**INFORMATION SHOWN:**

_ _ _

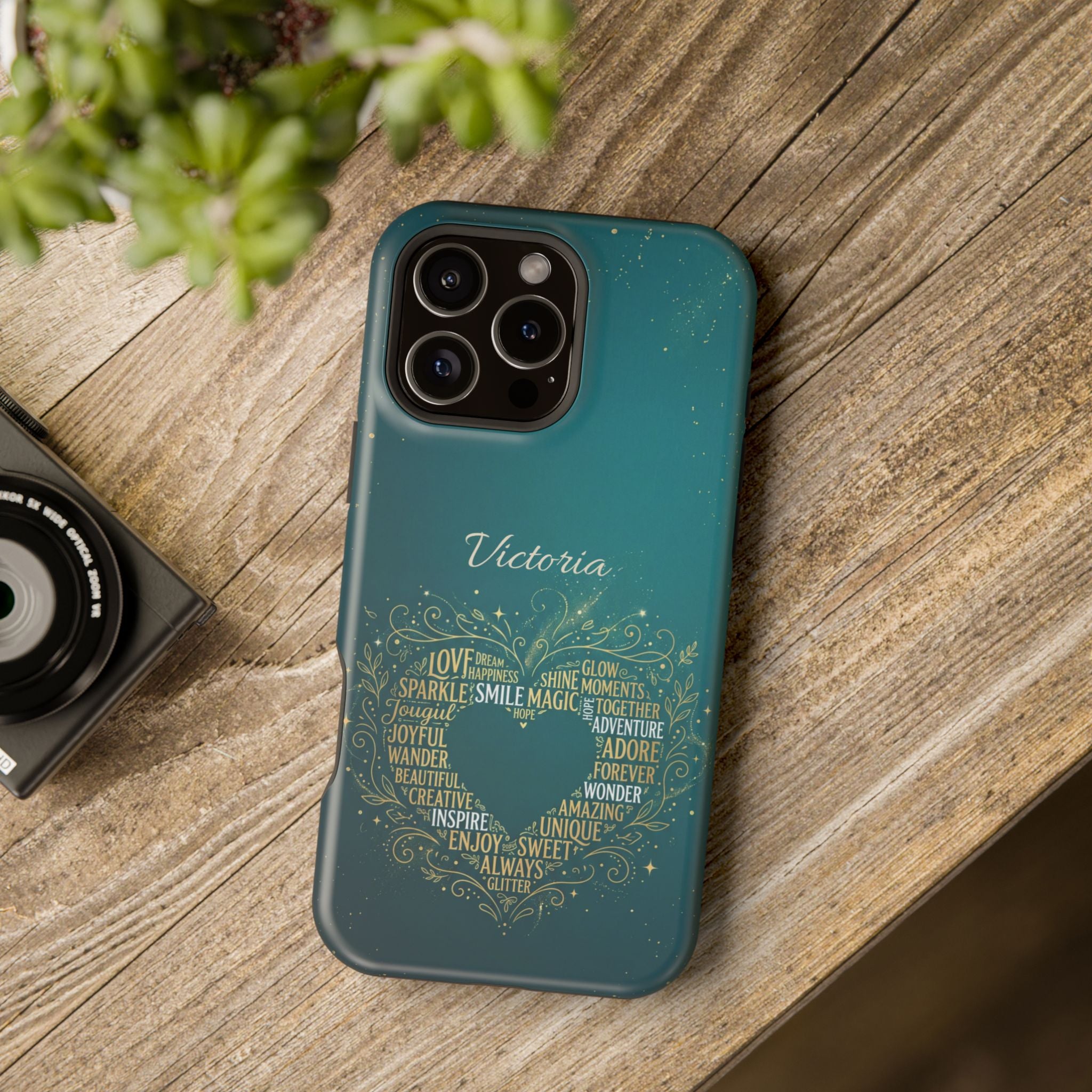 Personalized Teacher Heart Word Art Phone Case — Impact-Resistant Wireless Charging Cover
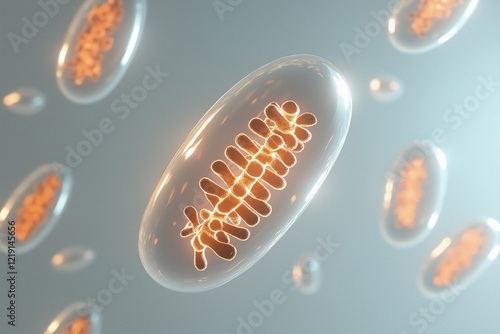 Mitochondria glowing softly in vibrant colors within cellular structures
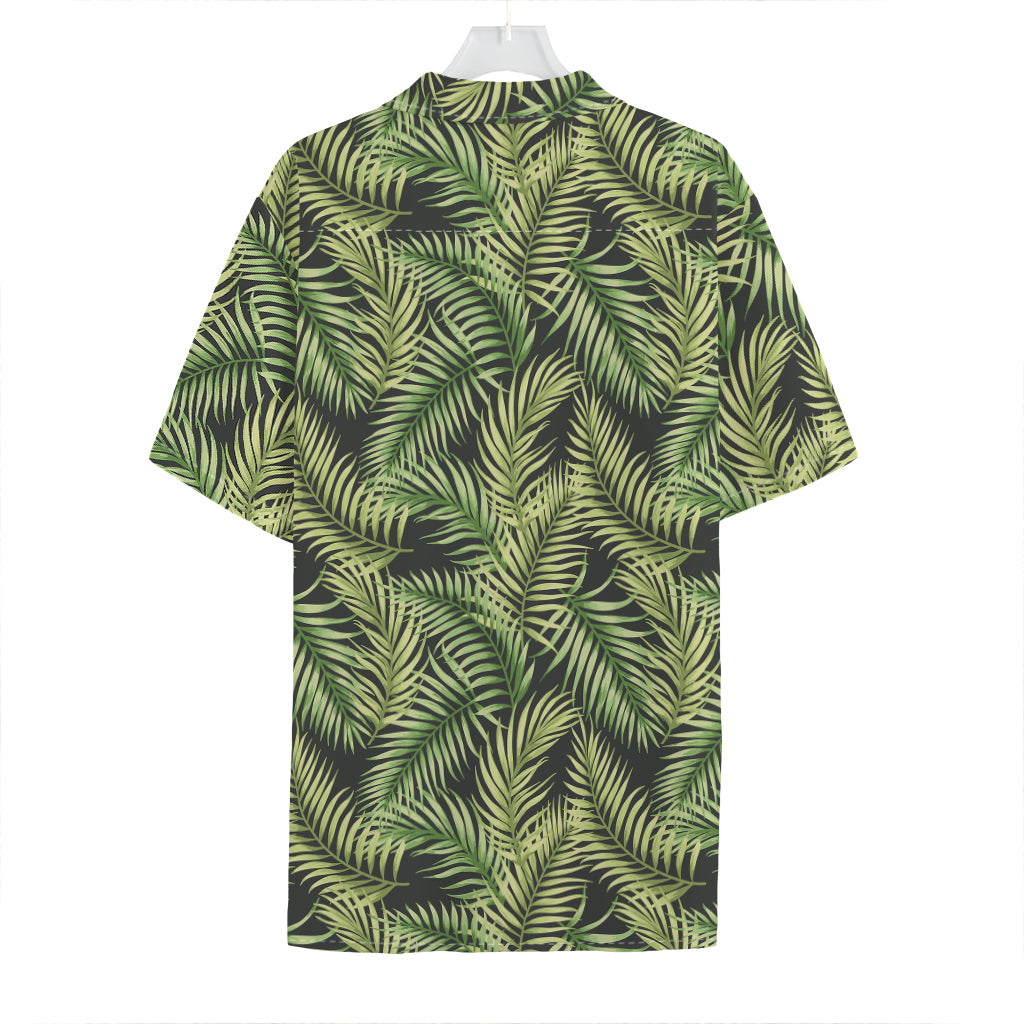 Green Tropical Palm Leaf Pattern Print Hawaiian Shirt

_ _ _

**TASK GOAL:** Please set down each line of the listing above word for word, skipping any pictures.

**ANSWER BELOW:**
 Personalized Teacher Heart Word Art Phone Case — Impact-Resistant Wireless Charging Cover
 Mitochondria glowing softly in vibrant colors within cellular structures
 Green Tropical Palm Leaf Pattern Print Hawaiian Shirt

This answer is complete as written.